==== Entries provided ====
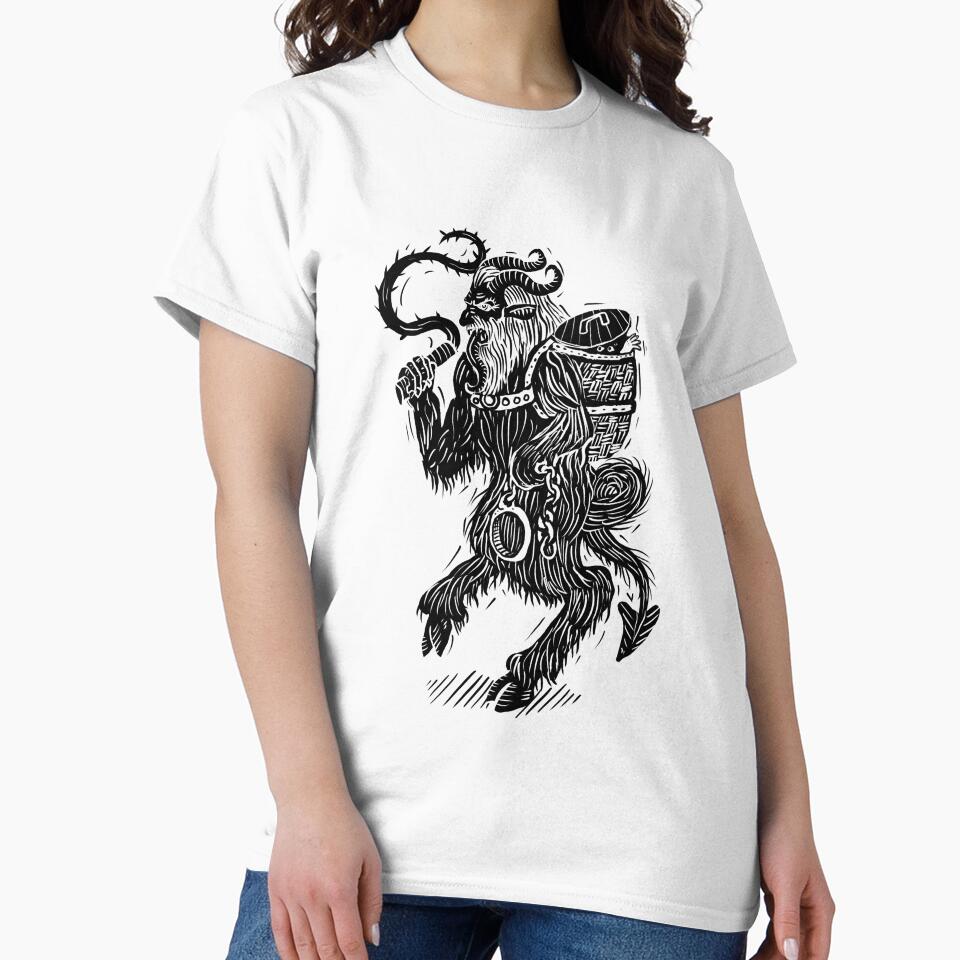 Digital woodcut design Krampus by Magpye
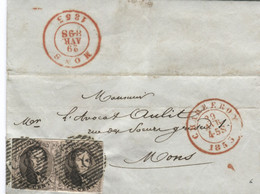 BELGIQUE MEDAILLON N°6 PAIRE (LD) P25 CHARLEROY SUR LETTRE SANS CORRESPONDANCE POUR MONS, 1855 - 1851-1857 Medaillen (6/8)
====
==== Entries provided ====
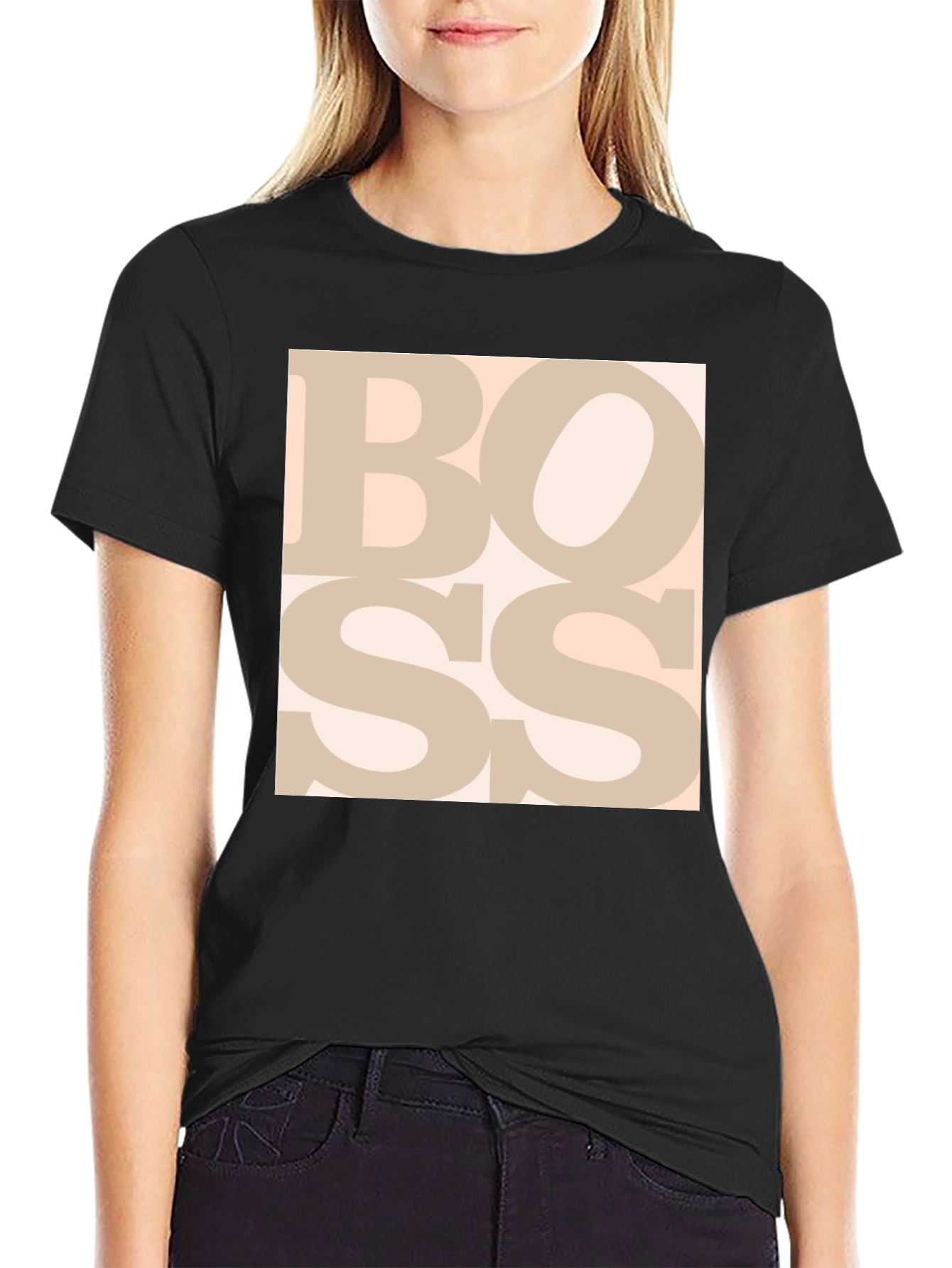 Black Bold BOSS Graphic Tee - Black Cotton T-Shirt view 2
====
** Task item **
Every line above in the stretch from the one with "Digital woodcut design Krampus by Magpye" through the one with "BELGIQUE MEDAILLON N°6" is to be transcribed exactly, ends included. No picture is copied.

** Answer space **
 Digital woodcut design Krampus by Magpye
 BELGIQUE MEDAILLON N°6 PAIRE (LD) P25 CHARLEROY SUR LETTRE SANS CORRESPONDANCE POUR MONS, 1855 - 1851-1857 Medaillen (6/8)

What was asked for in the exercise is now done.